"Hey bitch!" Calvin yells as Rita arrives at 6:30 one evening. He is peeved that she has spent some of her welfare check on speed, food for herself and on a motel room to shower. "Get the hell out of here!" demands Calvin, who earlier that day had grabbed her by the neck and slammed her against the apartment wall.
Ashley breaks into tears, trailing Rita out the door. Calvin threatens to beat his daughter with a belt when she returns.
The next day, the squall has passed and Rita is back, cooking over a hot plate on the floor. Ashley, squatting alongside her, whispers into Rita's ear. "If he keeps drinking, you'll take me away, huh?" Rita smiles, enjoying the power that comes with knowing that Calvin's own daughter would rather be with her.
All Ashley knows is that Rita seems to care.
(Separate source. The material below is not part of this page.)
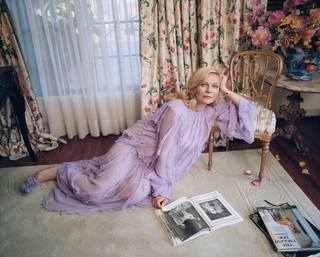 Kirsten Dunst feet photo thumbnail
The youngster opens a small cardboard box and removes a hospital bracelet, a treasured keepsake, reminding her of the day she was rescued by Rita.
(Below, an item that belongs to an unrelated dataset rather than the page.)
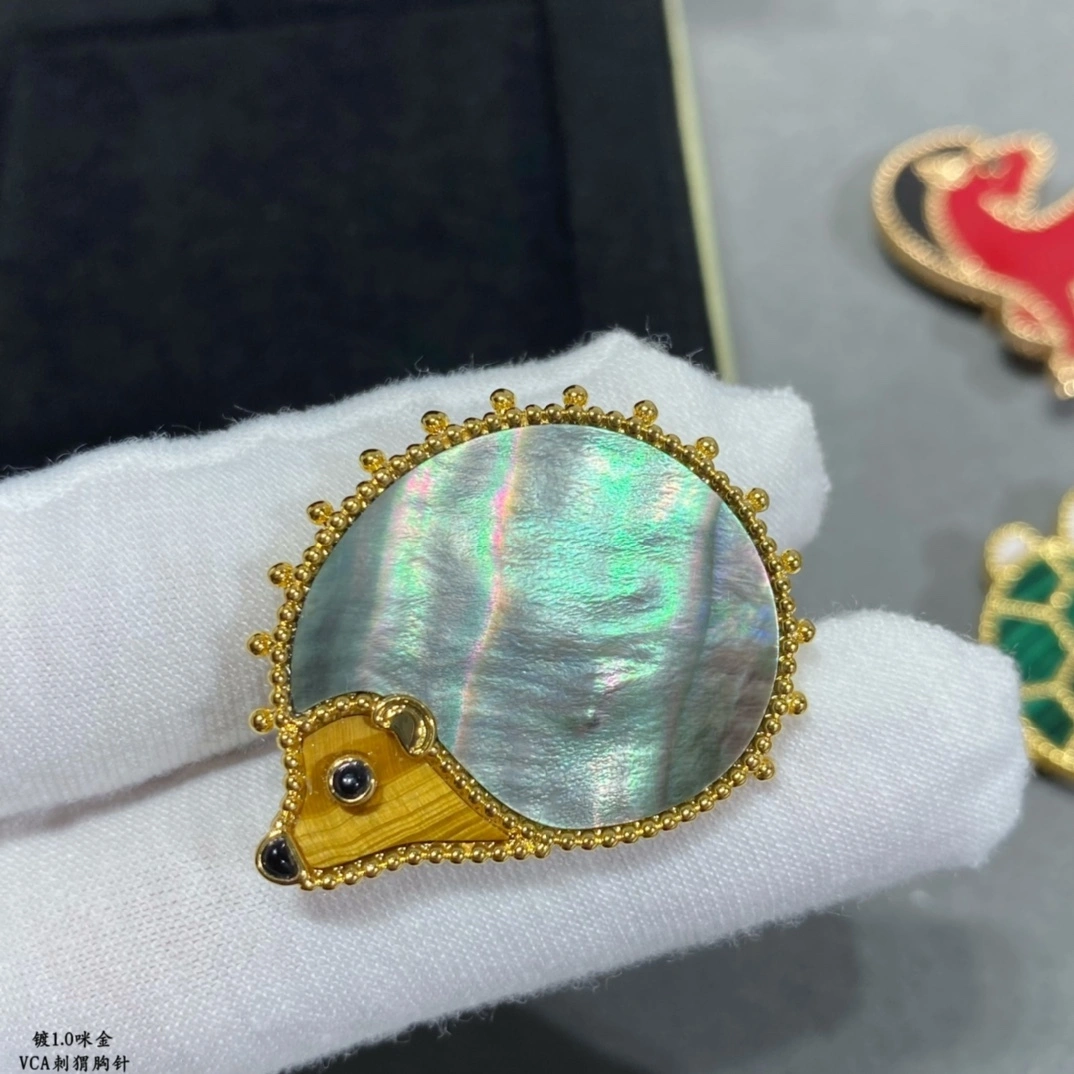 Barbara-- 1rp58s brooches gold item : E-S092J3141H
Although she was vomiting and could barely walk earlier this year, she says her father wouldn't take her to the emergency room.
He recently had gone there with Kevin to find out why his neck sometimes twitches from side to side. Social workers questioned Calvin after noticing bruises and scratches on the boy. They later visited the house at least three times, neighbors and others say, but allowed the children to remain.
Although Calvin did not want to risk a repeat, Rita insisted on taking Ashley to the emergency room. "If Rita wasn't there," Ashley says, "I'd be dead already."
The five days Ashley spent in the hospital with pneumonia, she says, were the best of her life.
"I had my own bedroom, an IV in my arm. My own bed. A TV. I could play. Put my clothes in a bathroom."
When it was time to leave, Ashley cried. "I wanted to go back," the girl says. "It was my home."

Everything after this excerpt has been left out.